__Prompt__: Would you restate, exactly as they appear, the lines from the one containing "Входная металлическая Дверь" through the end of the data below?

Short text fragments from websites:
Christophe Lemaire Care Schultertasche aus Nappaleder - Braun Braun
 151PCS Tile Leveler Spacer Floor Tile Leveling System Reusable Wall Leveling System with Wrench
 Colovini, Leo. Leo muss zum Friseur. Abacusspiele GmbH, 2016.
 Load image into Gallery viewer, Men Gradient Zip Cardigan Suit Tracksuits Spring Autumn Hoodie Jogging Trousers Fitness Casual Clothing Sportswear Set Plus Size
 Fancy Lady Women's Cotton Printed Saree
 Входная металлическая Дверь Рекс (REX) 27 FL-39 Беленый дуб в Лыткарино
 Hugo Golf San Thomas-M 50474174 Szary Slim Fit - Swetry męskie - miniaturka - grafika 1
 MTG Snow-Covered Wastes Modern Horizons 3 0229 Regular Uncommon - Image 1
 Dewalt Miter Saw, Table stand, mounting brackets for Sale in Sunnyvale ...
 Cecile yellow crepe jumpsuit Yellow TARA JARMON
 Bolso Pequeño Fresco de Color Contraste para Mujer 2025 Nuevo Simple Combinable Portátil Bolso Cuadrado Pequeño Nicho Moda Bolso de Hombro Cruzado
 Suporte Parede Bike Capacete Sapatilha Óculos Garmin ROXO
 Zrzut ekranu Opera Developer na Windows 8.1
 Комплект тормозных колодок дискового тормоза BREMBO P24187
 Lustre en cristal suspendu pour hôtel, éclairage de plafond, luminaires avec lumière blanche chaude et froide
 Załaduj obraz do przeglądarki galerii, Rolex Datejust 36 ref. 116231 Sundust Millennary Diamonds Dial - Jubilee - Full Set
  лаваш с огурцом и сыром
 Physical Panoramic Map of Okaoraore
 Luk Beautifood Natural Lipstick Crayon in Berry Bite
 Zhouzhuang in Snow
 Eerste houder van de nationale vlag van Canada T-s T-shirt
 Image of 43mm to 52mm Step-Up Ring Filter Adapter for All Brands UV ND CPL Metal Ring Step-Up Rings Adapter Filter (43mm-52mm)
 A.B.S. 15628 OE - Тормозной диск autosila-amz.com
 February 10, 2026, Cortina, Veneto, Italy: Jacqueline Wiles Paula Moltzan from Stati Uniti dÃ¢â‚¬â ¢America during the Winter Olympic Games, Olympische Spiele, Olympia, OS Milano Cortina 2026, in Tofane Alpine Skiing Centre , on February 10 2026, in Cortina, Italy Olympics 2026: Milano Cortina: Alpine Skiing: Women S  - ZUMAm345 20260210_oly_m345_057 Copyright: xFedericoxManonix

__Worked solution__:
 Входная металлическая Дверь Рекс (REX) 27 FL-39 Беленый дуб в Лыткарино
 Hugo Golf San Thomas-M 50474174 Szary Slim Fit - Swetry męskie - miniaturka - grafika 1
 MTG Snow-Covered Wastes Modern Horizons 3 0229 Regular Uncommon - Image 1
 Dewalt Miter Saw, Table stand, mounting brackets for Sale in Sunnyvale ...
 Cecile yellow crepe jumpsuit Yellow TARA JARMON
 Bolso Pequeño Fresco de Color Contraste para Mujer 2025 Nuevo Simple Combinable Portátil Bolso Cuadrado Pequeño Nicho Moda Bolso de Hombro Cruzado
 Suporte Parede Bike Capacete Sapatilha Óculos Garmin ROXO
 Zrzut ekranu Opera Developer na Windows 8.1
 Комплект тормозных колодок дискового тормоза BREMBO P24187
 Lustre en cristal suspendu pour hôtel, éclairage de plafond, luminaires avec lumière blanche chaude et froide
 Załaduj obraz do przeglądarki galerii, Rolex Datejust 36 ref. 116231 Sundust Millennary Diamonds Dial - Jubilee - Full Set
  лаваш с огурцом и сыром
 Physical Panoramic Map of Okaoraore
 Luk Beautifood Natural Lipstick Crayon in Berry Bite
 Zhouzhuang in Snow
 Eerste houder van de nationale vlag van Canada T-s T-shirt
 Image of 43mm to 52mm Step-Up Ring Filter Adapter for All Brands UV ND CPL Metal Ring Step-Up Rings Adapter Filter (43mm-52mm)
 A.B.S. 15628 OE - Тормозной диск autosila-amz.com
 February 10, 2026, Cortina, Veneto, Italy: Jacqueline Wiles Paula Moltzan from Stati Uniti dÃ¢â‚¬â ¢America during the Winter Olympic Games, Olympische Spiele, Olympia, OS Milano Cortina 2026, in Tofane Alpine Skiing Centre , on February 10 2026, in Cortina, Italy Olympics 2026: Milano Cortina: Alpine Skiing: Women S  - ZUMAm345 20260210_oly_m345_057 Copyright: xFedericoxManonix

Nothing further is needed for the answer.